Pablo Gómez Borbón
Especial para elCaribe

Quiero compartir, movido por el anhelo de aliviar, aun en la medida de un átomo, la desesperanza que nos embarga a todos, mis reflexiones sobre la tragedia que la ha causado.

Antes, deseo transmitir mis condolencias a las familias a las que esta catástrofe ha sumido en la desventura, particularmente a aquellas a las que tengo el honor de conocer: a los Estrella Cruz y a los Grullón.

No escribo bajo el influjo de la indignación, aunque es tan legítima como necesaria: legítima, porque es indecente permanecer indiferente ante la injusticia y el dolor ajeno; necesaria, porque sin ella es imposible hacer castigar a los posibles culpables y garantizar que un desastre como este no se volverá a repetir.
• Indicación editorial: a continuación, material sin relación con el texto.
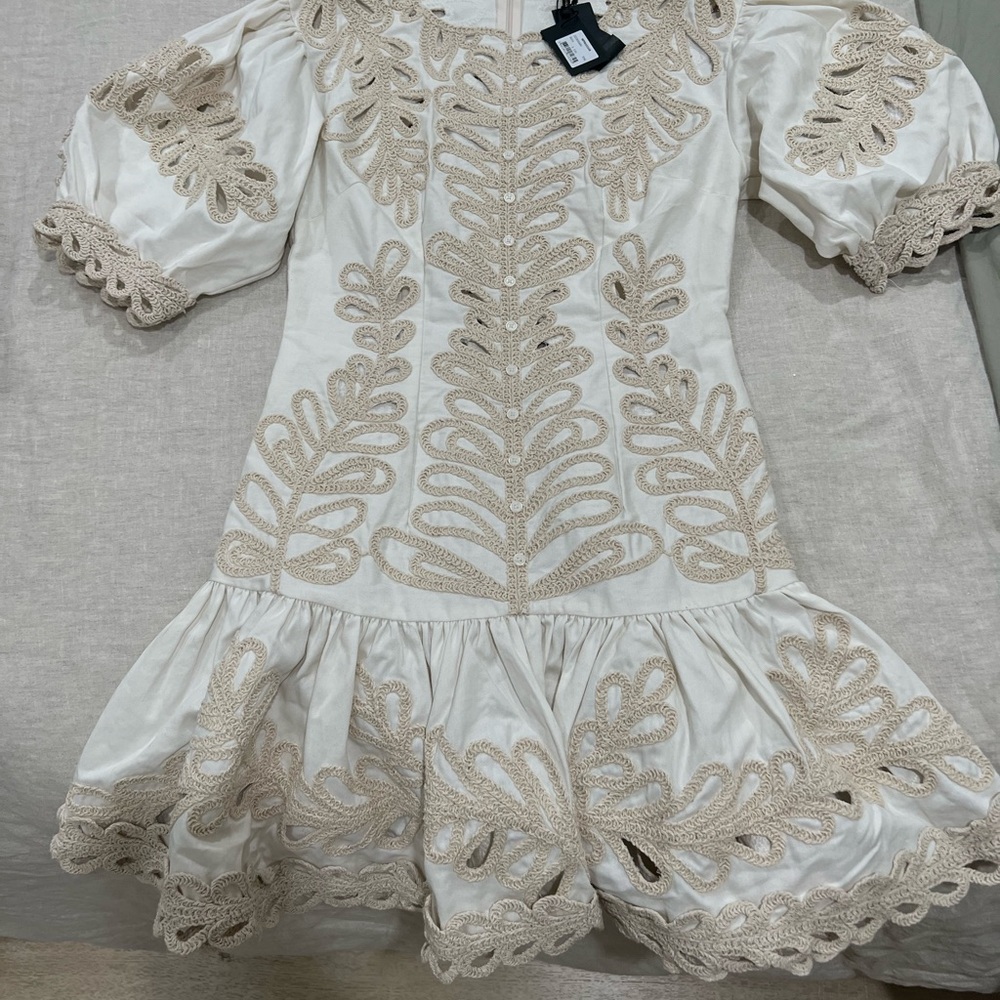 Maje Rosaro dress size 4 (36f).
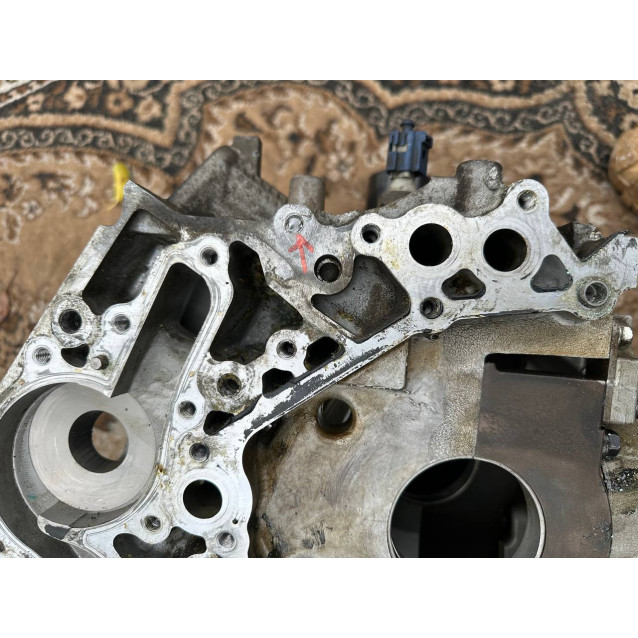 Блок цилиндров двигателя Mitsubishi Outlander XL (2006-2014) 3,0 1050A416 1050A834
Hablo de posibles culpables porque, a pesar de que han salido a relucir detalles que parecen indicar que tanto el propietario del negocio como los empleados públicos responsables de la inspección de edificios actuaron con una negligencia e indolencia inaceptables, la presunción de inocencia debe prevalecer siempre: solamente los tribunales competentes podrán determinar responsabilidades.

Dicho esto, es comprensible que la población, movida por la indignación a la que me he referido, alce su dedo acusador contra el dueño de la discoteca. Se trata, a mi entender, de manifestaciones espontáneas que no constituyen, como algunos de sus empleados han afirmado, una expresión de odio ni responden a un plan destinado a perjudicarlo. Por esta razón, resulta inaceptable que, desde sus estaciones de radio, se quiera amordazar el clamor popular. Es, además, un error, porque hacerlo contribuye a la percepción de que se busca evadir responsabilidades. Por otro lado, es inexcusable dar una respuesta planificada a un descontento espontáneo. Hacerlo es insultar el dolor de los dominicanos. Es el nuestro un pueblo enfermo de impunidad. Y todo intento, real o imaginado, de obtenerla, atizará una cólera más que justificada. Por tanto, el empresario radial y sus locutores están obligados a un mínimo de decoro. Es lo menos que pueden hacer.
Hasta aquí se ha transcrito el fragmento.